== Aim of the task ==
Transcribe every entry that follows, word for word, and omit the images.
-------- Exercise input --------
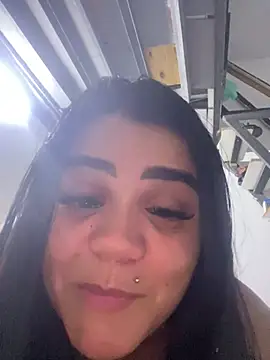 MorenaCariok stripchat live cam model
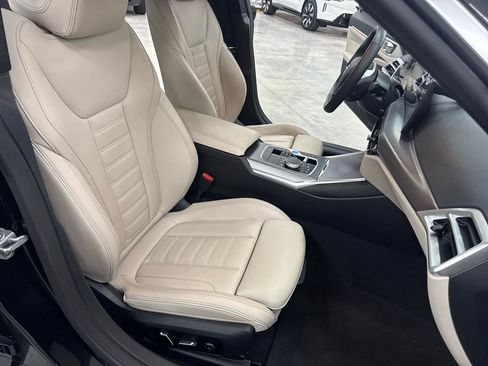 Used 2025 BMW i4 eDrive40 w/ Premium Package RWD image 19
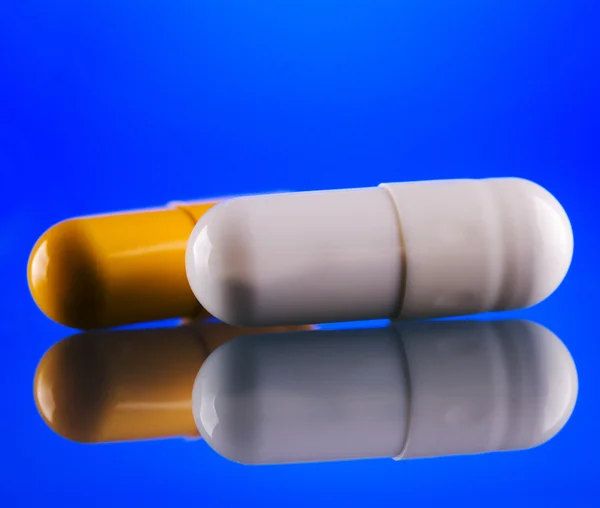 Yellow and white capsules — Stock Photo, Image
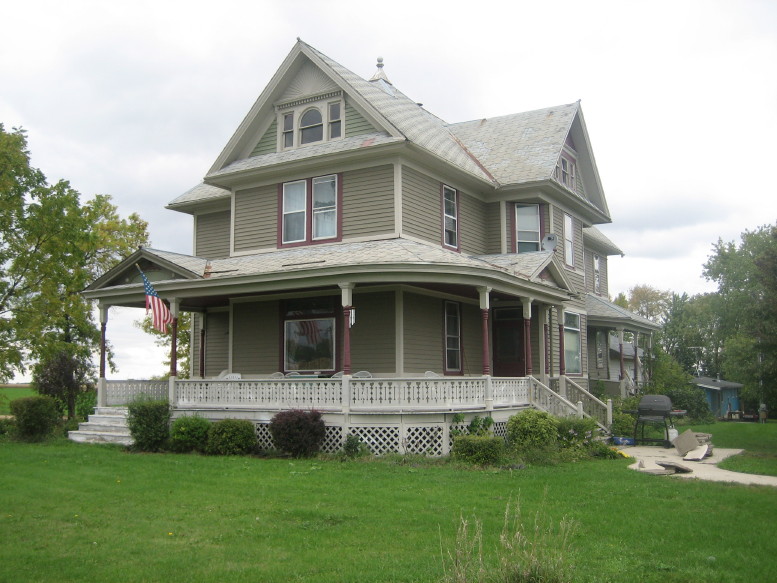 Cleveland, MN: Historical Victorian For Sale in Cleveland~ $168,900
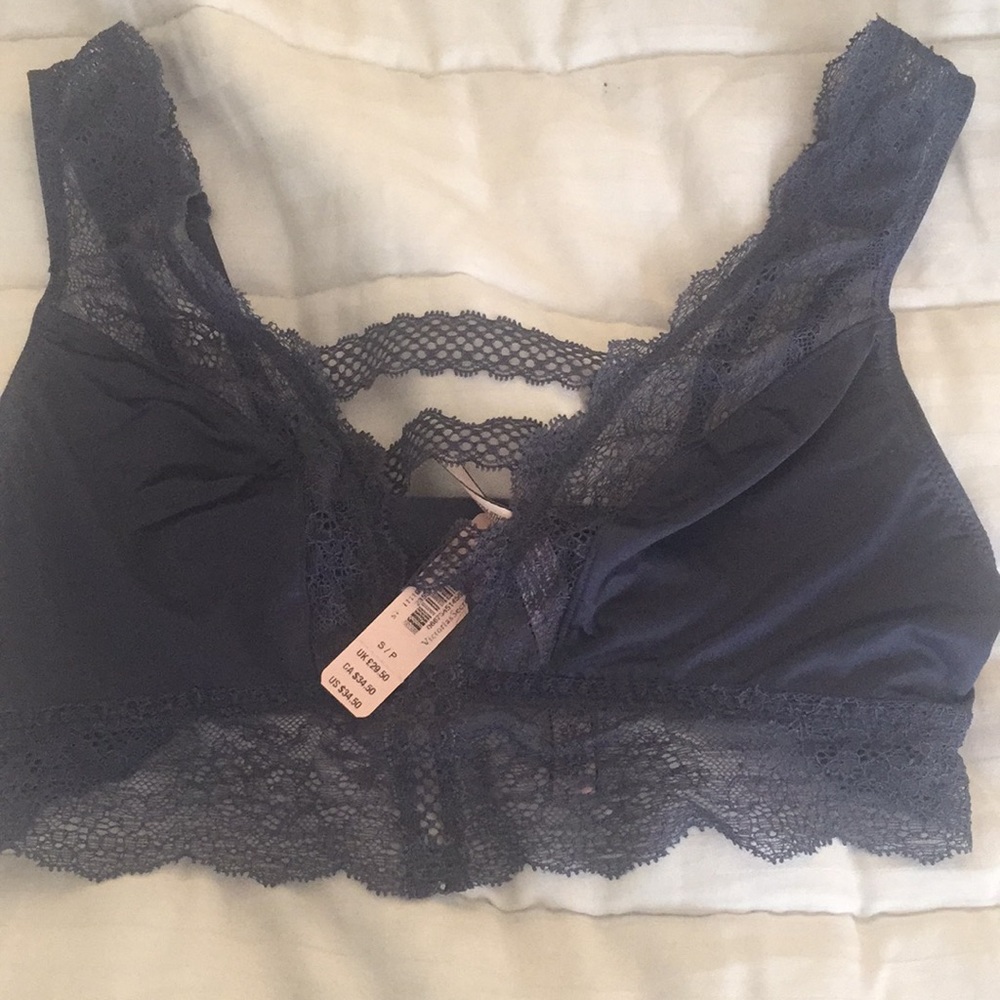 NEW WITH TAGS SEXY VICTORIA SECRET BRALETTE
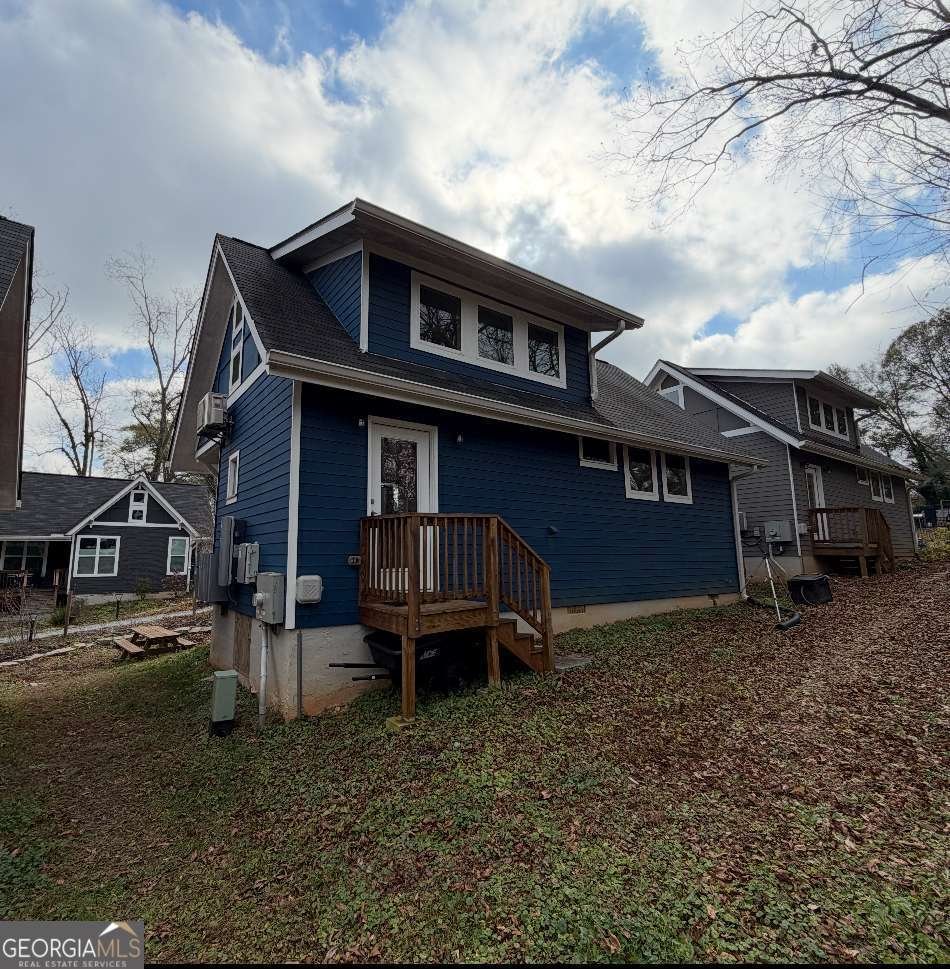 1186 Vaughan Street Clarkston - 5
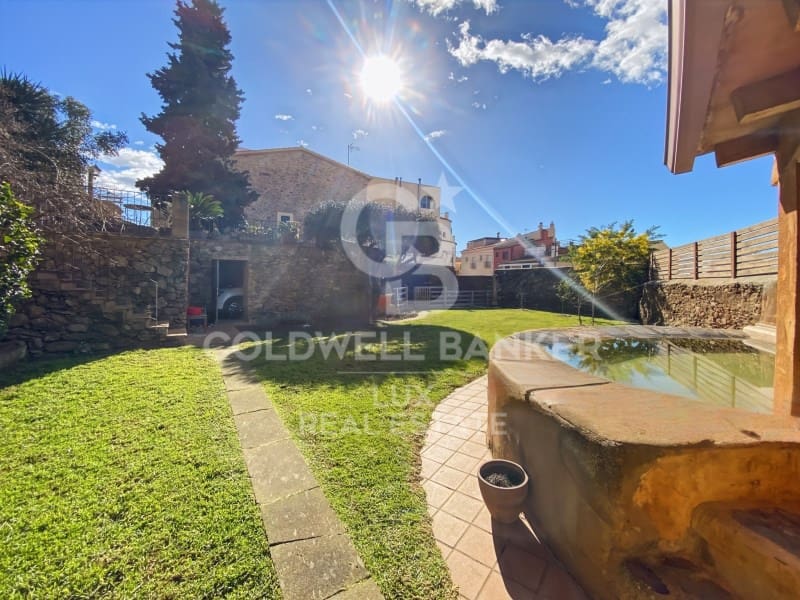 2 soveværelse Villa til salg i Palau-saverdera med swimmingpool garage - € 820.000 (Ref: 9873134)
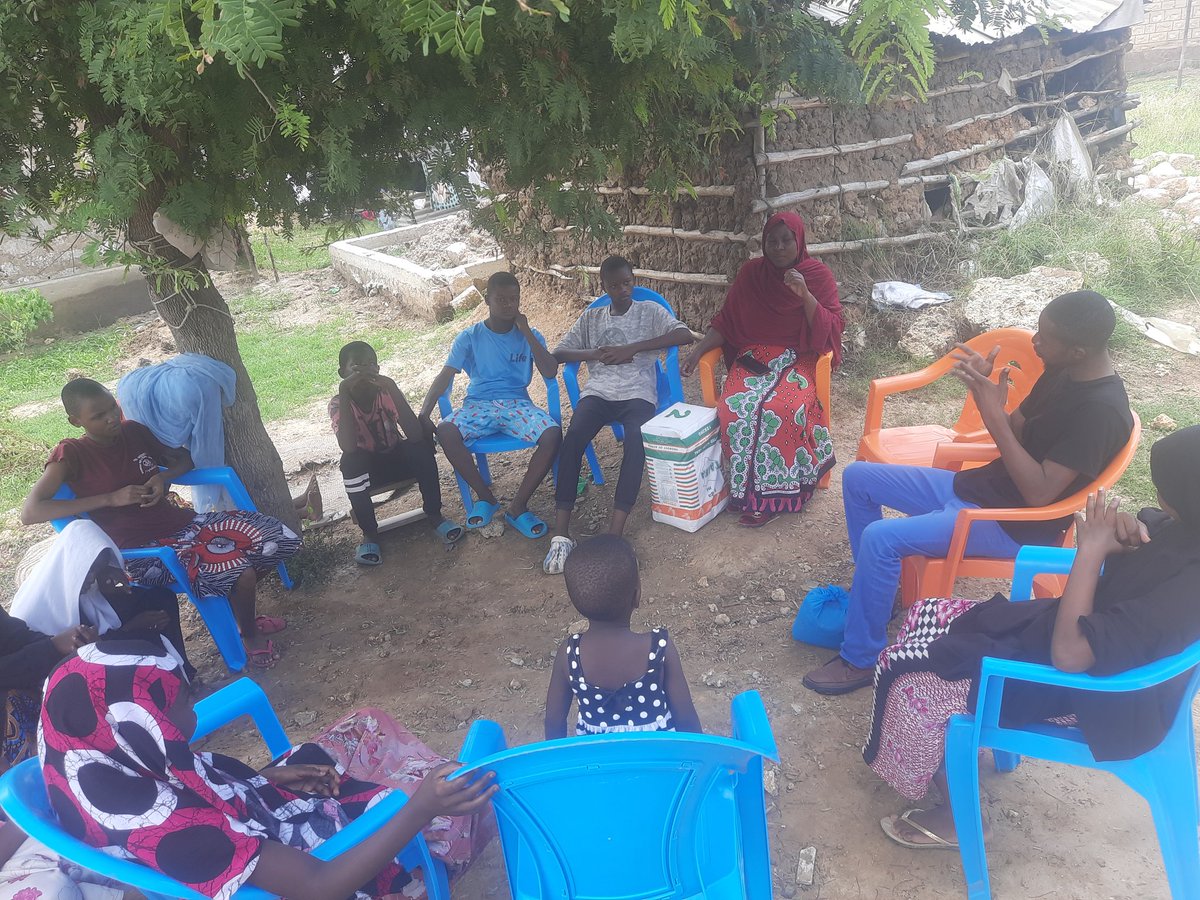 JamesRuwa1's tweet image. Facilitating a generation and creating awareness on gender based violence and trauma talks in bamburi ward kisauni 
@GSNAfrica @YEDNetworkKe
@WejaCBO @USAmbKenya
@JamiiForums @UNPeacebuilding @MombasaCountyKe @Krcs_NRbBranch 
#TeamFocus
--------
== Task solution ==
 MorenaCariok stripchat live cam model
 Used 2025 BMW i4 eDrive40 w/ Premium Package RWD image 19
 Yellow and white capsules — Stock Photo, Image
 Cleveland, MN: Historical Victorian For Sale in Cleveland~ $168,900
 NEW WITH TAGS SEXY VICTORIA SECRET BRALETTE
 1186 Vaughan Street Clarkston - 5
 2 soveværelse Villa til salg i Palau-saverdera med swimmingpool garage - € 820.000 (Ref: 9873134)
 JamesRuwa1's tweet image. Facilitating a generation and creating awareness on gender based violence and trauma talks in bamburi ward kisauni 
@GSNAfrica @YEDNetworkKe
@WejaCBO @USAmbKenya
@JamiiForums @UNPeacebuilding @MombasaCountyKe @Krcs_NRbBranch 
#TeamFocus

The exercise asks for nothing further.